Como é possível que isso aconteça? A resposta é clara. Os sistemas de educação pública se expandiram rapidamente nos últimos anos em muitos países. Há menos 84 milhões de crianças fora da escola do que havia em 2000, de acordo com o relatório de monitoramento 2015 do movimento Education for All. As matrículas aumentaram quando governos que anteriormente cobravam taxas pela escola primária – sob as políticas de ajuste estrutural do Banco Mundial – aboliram a cobrança dez anos atrás. Em locais como o Quênia e a Tanzânia, milhões de crianças se matricularam e as turmas cresceram rapidamente – muitas vezes, atingindo a proporção de mais de cem crianças por professor. A solução óbvia seria contratar mais professores, mas como resultado das políticas macroeconômicas do Fundo Monetário Internacional e das imposições de austeridade nas contas públicas associadas a seus empréstimos, muitos países deixaram de recrutar mais professores e a qualidade das escolas públicas caiu, levando parte da população que podia pagar a buscar alternativas.
E qual deveria ser a resposta hoje? Claro que é preciso discutir investimentos adequados nos sistemas de educação públicos. Muitos países ainda ficam aquém das recomendações de destinar 6% do PIB ou 20% dos orçamentos nacionais para a educação. Mas mesmo onde esses parâmetros são respeitados, os valores podem ser insuficientes, se as receitas totais disponíveis para os governos forem baixas. Por isso, ativistas internacionais têm reivindicado a expansão de bases tributárias domésticas de forma progressiva, para que quem tem mais pague mais, e assim seja possível construir um sistema de gastos progressivos das receitas fiscais.

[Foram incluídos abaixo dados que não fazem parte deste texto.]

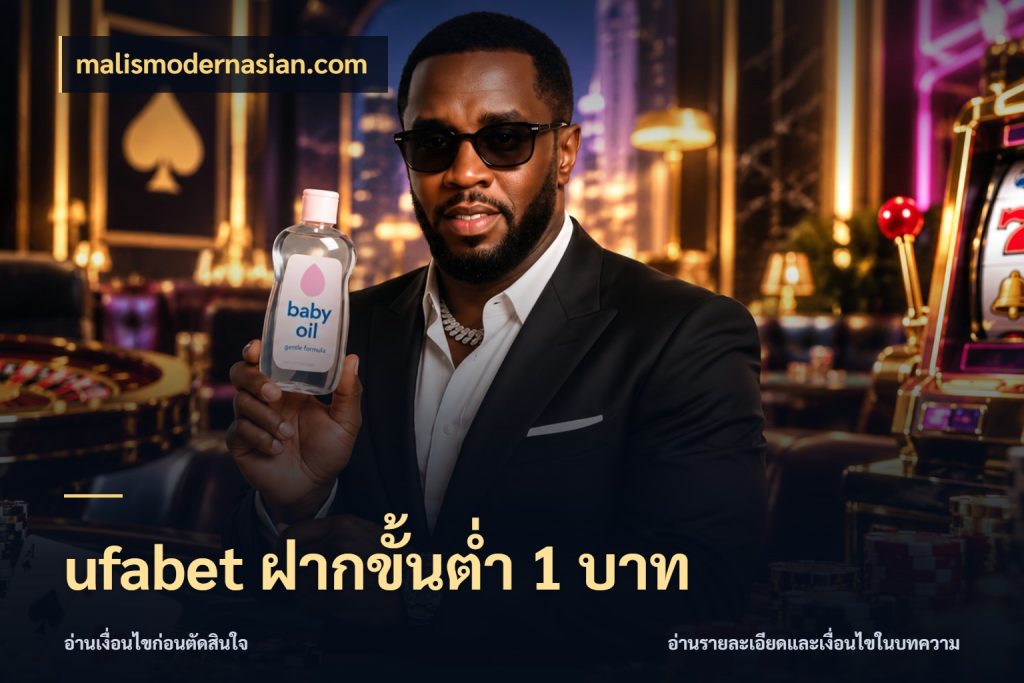 ufabet ฝากขั้นต่ำ 1 บาท เกมที่ชอบในขอบเขตเงินของตัวเอง สไตล์ malismodernasian.com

Um dos fatos mais surpreendentes da questão tributária é que algumas das maiores empresas multinacionais quase não pagam impostos nos países de onde extraem seus lucros. Mais de U$S 138 bilhões são desperdiçados todos os anos pelos países em desenvolvimento, com incentivos e isenções fiscais desnecessárias. Mais ainda é perdido através de esquemas de evasão fiscal. Uma educação pública universal de qualidade poderia ser facilmente financiada se houvesse ações sérias tomadas a favor da justiça fiscal. Para isso, é fundamental a criação de um organismo intergovernamental da ONU sobre impostos, com poderes e recursos suficientes. Hoje, as regras fiscais globais são definidas pelo clube dos países ricos que compõem a Organização para a Cooperação e Desenvolvimento Econômico.
Também precisamos de ações coordenadas para contestar e regulamentar o ensino privado. O relator especial das Nações Unidas sobre o direito à educação escreveu recentemente dois relatórios questionando a progressiva privatização e apelando para uma maior regulamentação. Além disso, há um movimento da sociedade civil global emergindo para protestar contra esta tendência. Quando o Banco Africano de Desenvolvimento acenou com a promoção da expansão da oferta de educação privada, foi firmemente condenado por mais de 50 organizações de todo o continente. Quando o presidente do Banco Mundial, Jim Kim, elogiou recentemente a Bridge Schools no Quênia, mais de cem organizações se reuniram para contestar sua hipocrisia.
Neste momento de aumento da desigualdade, precisamos reforçar essas iniciativas. Precisamos construir sistemas de educação equitativos para obter resultados equitativos, e precisamos colocar a educação à frente do lucro.
Sobre o autor: David Archer tem 25 anos de experiência em abordagens baseadas em direitos à educação e construção de coalizões da sociedade civil sobre o tema em África, Ásia e América Latina. É cofundador e membro do Conselho da Campanha Global pela Educação e tem assento no Conselho da Parceria Global pela Educação.